Вот так и с ним, и с русской литературой, которой теперь придется носить его в себе и рожать, рожать, рожать себя заново.
Впрочем, можно выразиться и поточнее, а значит, резче: он убил русскую литературу – и то, что нас заставляли боготворить, и то, что мы сами боготворили в ней тайком на кухне и в спальне за подушкой. «Подвергает деконструкции основные жанры и стили советской литературы, эстетику социалистического реализма; соединяет язык литературы социалистического реализма с языком «физиологического» натурализма, сюрреализма, абсурда, добиваясь впечатления шока; дискредитирует официальную культуру как источник идиотизации общества, выявляет маскируемое нормативными требованиями коллективное бессознательное... аналогичным образом деконструирует стилевые коды русской классической литературы, ставшие штампами благодаря «копиистскому» их использованию писателями-эпигонами, вскрывает разрушительный потенциал национального архетипа» (Ирина Скоропанова, «Русская постмодернистская литература»).
Убил, потому что она умерла, умирала.

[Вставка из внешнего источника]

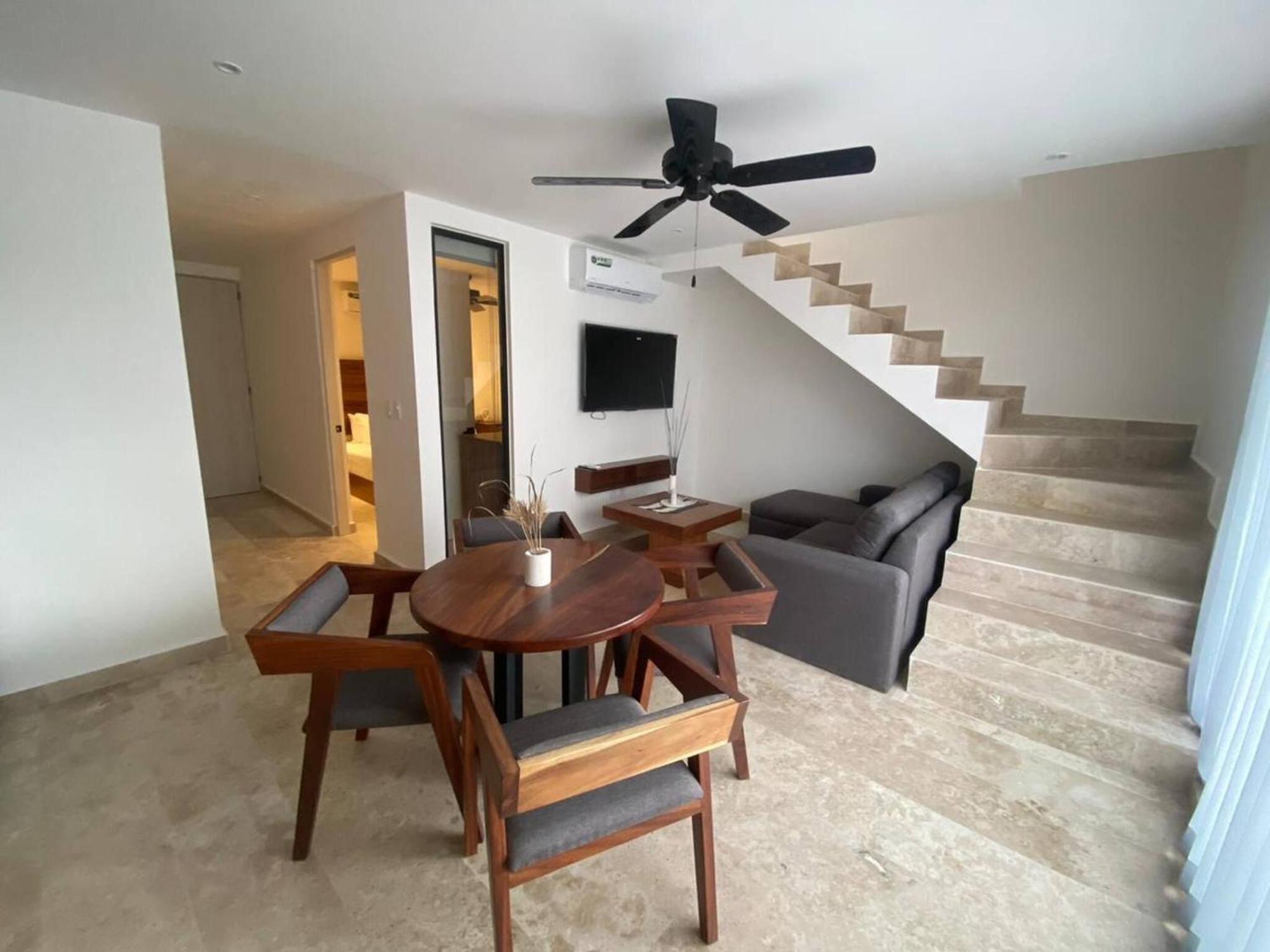 Spacious And Comfortable Ph With Private Pool In Zama *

Рухнула под тяжестью самой себя, лежала бездвижно, разлагалась заживо, и кто-то должен был проявить милосердие, помочь. Все живое (а литература – живая) когда-нибудь да падает с грохотом со своего (не своего, конечно, нашего: мы его строим) пьедестала и просит добить, coup de grace. И из последних сил рожает себе эвтаназиатора. И потом, умерев, благодаря ему выживает, рождается заново.

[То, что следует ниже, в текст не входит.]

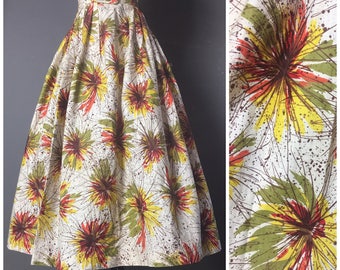 Vintage 50s skirt / 1950s skirt / novelty print skirt / full skirt / cotton skirt / fireworks / pleated skirt / waist 24" / 8057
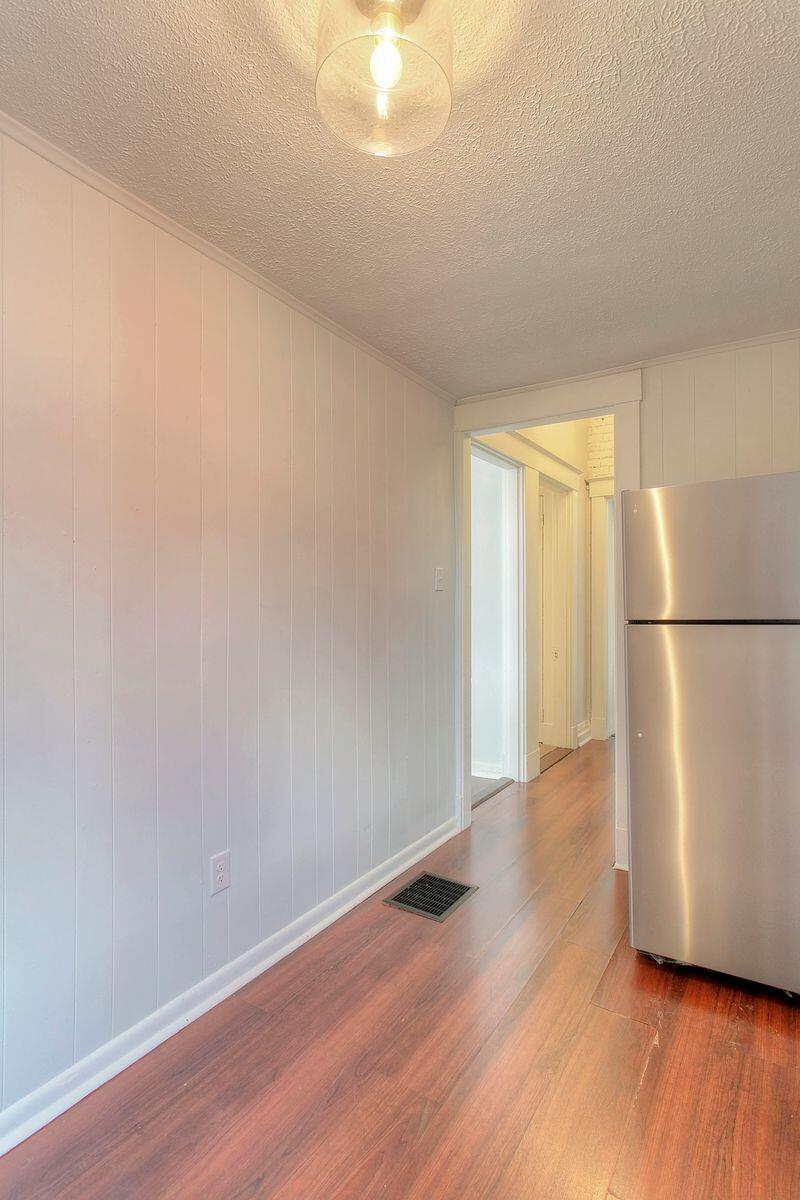 416 Emma Street, 6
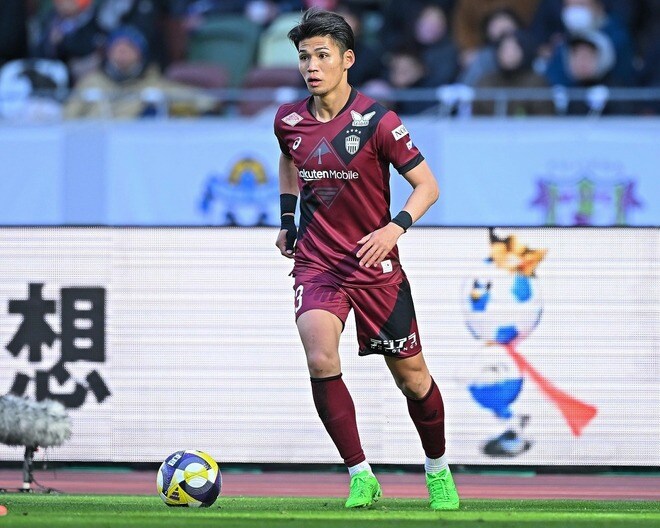 「入籍しましたーー！」ヴィッセル生え抜きの26歳MFが報告「これからも神戸の為に、妻とトモニ闘います」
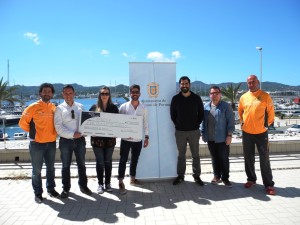 El Club Ciclista Sant Antoni entregó el cheque de 1.500 euros a Apneef.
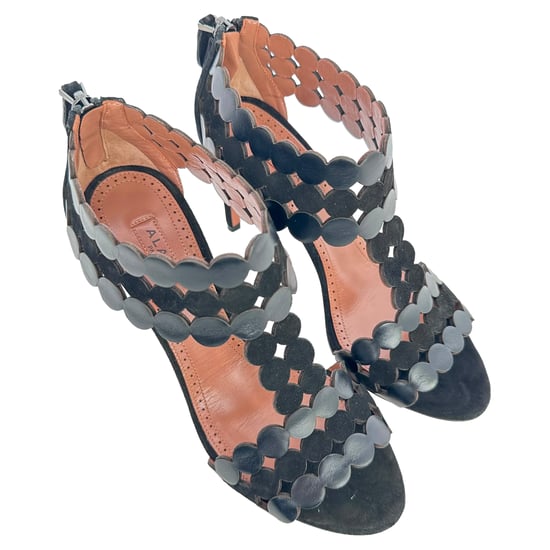 Alaïa Sandalen mit geschwungenem T-Riemen aus schwarzem Wildleder - Image 5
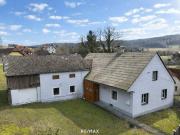 Wohnhaus mit großem Grund in zentraler Lage in...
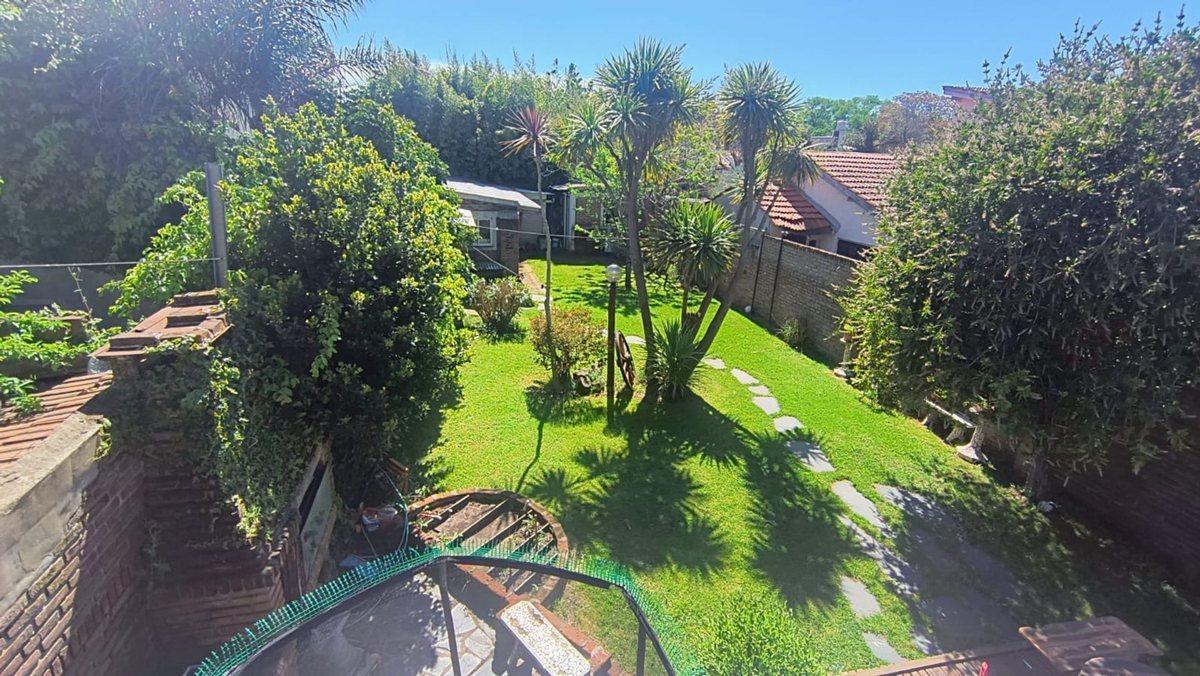 Foto de VENTA Casa 5 ambientes parque quincho en Caisamar, imagen 4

Гомеровский (и не только: сотни гомеров, мы о них не знаем) эпос заканчивается «Батрахомиомахией» («Войной мышей и лягушек», войною, которую героически вел против мышей лягушиный царь Вздуломорд) Пигрета (возможно, Пигрета) – пародией, бурлеском, – и эпоха – все, закрыта, дальше – новая, следующая.
«Гаргантюа и Пантагрюэль» Рабле убивает всю средневековую литературу, все 10 веков, всю их схоластику и клерикализм. Джойс расправляется с викторианством, да и всей английской литературой – святой английской литературой, великой мертвой – в «Улиссе». И мизерикорд («кинжал милосердия») у Рабле и Джойса тот же: «физиологический» натурализм, сюрреализм, абсурд» – только так, только им. Вообще вглядеться – методы даже на уровне стиля (а Сорокин – стилист) у них общие: гротеск, супергипербола, телесный юмор, смесь «церковнославянского с нижегородским», огромные скрупулезные перечни всего на свете.
Сорокин знает, что делать и что делает, знает, что он Рабле и Джойс. В интервью он говорит: «…Я за то, чтобы литература была не больше и не меньше, чем она есть. Весь XIX и XX век она была раздувшейся лягушкой, которая покрывала все. Она заняла место церкви. К Толстому ездили люди, чтобы спросить, как жить дальше, хотя он был нормальным светским человеком, а не аскетическим старцем, который прошел путь и видит то, чего не видят простые смертные. Все было довольно уродливо и мешало как реальной жизни, так и литературе самой. Она не могла отпустить какие-то вещи в себе – эротику, например, или телесность. Описать, как моется в бане Наташа Ростова, – не мог позволить Толстой себе такого. Я – за то, чтобы литература была просто нормальной».